In 2001, Hillcrest purchased 16.5 acres of property in Pasco County. Four years later, in 2005, Pasco County adopted The Right of Way Preservation Ordinance (the “Ordinance”). Generally, the Ordinance requires dedication of right of way shown on officially adopted maps and tables in order to secure a development permit. The Ordinance contains provisions permitting waivers when the required dedication is not roughly proportional or variances in hardship situations. The burden lies with the landowner to prove entitlement to relief.
Hillcrest submitted a preliminary site plan seeking a development permit in 2006. From 2006 to 2010, Hillcrest, Pasco County and later Florida’s Department of Transportation engaged in a series of submittals of site plans, rejection of site plans, and negotiations regarding Hillcrest’s dedication of right of way. Ultimately, Hillcrest made the required dedications and its preliminary site plan and construction plan was approved.
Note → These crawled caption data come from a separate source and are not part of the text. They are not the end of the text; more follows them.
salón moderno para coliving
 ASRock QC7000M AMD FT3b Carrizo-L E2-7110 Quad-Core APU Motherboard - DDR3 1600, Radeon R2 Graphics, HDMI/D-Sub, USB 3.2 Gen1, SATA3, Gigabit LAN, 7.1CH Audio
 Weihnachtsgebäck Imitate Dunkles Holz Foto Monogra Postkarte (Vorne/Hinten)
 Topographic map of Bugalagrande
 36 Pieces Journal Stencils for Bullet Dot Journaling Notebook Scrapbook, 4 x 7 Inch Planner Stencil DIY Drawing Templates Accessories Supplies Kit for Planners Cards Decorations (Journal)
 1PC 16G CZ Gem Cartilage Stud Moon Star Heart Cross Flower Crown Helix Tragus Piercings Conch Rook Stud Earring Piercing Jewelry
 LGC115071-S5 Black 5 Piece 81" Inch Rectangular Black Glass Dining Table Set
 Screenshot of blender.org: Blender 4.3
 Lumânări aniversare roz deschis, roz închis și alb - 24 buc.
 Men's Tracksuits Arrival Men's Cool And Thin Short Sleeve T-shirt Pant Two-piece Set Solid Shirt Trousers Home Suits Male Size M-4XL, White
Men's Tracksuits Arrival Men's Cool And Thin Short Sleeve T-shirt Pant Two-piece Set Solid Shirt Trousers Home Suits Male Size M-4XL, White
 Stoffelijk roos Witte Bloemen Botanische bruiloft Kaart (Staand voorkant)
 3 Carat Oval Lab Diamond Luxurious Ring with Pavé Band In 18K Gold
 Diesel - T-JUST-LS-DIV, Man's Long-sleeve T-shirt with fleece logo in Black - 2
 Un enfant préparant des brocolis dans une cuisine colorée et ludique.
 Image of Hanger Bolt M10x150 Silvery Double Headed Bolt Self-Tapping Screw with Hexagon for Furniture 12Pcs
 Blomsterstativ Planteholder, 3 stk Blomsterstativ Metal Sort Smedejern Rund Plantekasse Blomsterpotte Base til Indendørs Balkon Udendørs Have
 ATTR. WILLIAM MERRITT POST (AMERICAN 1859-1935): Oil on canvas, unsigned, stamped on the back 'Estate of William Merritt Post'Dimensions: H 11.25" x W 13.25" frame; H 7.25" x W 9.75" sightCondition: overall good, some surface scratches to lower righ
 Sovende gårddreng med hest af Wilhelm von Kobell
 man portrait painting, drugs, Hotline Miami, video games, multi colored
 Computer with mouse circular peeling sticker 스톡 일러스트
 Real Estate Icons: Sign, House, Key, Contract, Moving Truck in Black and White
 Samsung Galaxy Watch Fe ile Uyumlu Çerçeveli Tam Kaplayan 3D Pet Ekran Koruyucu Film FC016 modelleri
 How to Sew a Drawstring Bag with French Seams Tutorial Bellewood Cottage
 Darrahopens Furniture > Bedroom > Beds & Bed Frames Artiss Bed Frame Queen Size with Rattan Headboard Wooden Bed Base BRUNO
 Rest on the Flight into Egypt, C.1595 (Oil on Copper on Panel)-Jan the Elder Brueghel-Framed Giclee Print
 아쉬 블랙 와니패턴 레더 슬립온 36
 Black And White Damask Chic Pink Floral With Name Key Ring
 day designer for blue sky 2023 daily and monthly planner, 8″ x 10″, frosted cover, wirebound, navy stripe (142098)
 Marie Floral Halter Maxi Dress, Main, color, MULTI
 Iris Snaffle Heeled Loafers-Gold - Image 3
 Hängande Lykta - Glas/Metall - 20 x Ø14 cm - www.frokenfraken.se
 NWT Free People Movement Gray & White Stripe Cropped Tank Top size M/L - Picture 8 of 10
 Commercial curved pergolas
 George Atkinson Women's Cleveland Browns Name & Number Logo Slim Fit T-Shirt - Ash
During this four year process, Hillcrest submitted written reservation of its rights to contest the exaction.
Hillcrest filed its lawsuit in 2010 challenging the exaction road right of way alleging violations of its right to due process, to equal protection, to access to courts and to a jury trial and other state claims. The federal district court entered judgment in favor of Pasco County on all claims except Hillcrest’s substantive due process as-applied claim and substantive due process facial claim. For Hillcrest’s facial claim, the district court entered summary judgment in favor of Hillcrest and issued a permanent injunction against enforcement of the Ordinance. Pasco County appealed.
The Eleventh Circuit Court of Appeals reversed. The Eleventh Circuit held that a facial substantive due process claim brought pursuit to 42 U.S.C. § 1983 accrues (i.e. the time for bringing the claim begins) on the date the government adopts the law – not when Hillcrest applied for a development approval. To reach this conclusion, the court extends takings law to apply to facial substantive due process claims and followed two cases decided by other federal circuits.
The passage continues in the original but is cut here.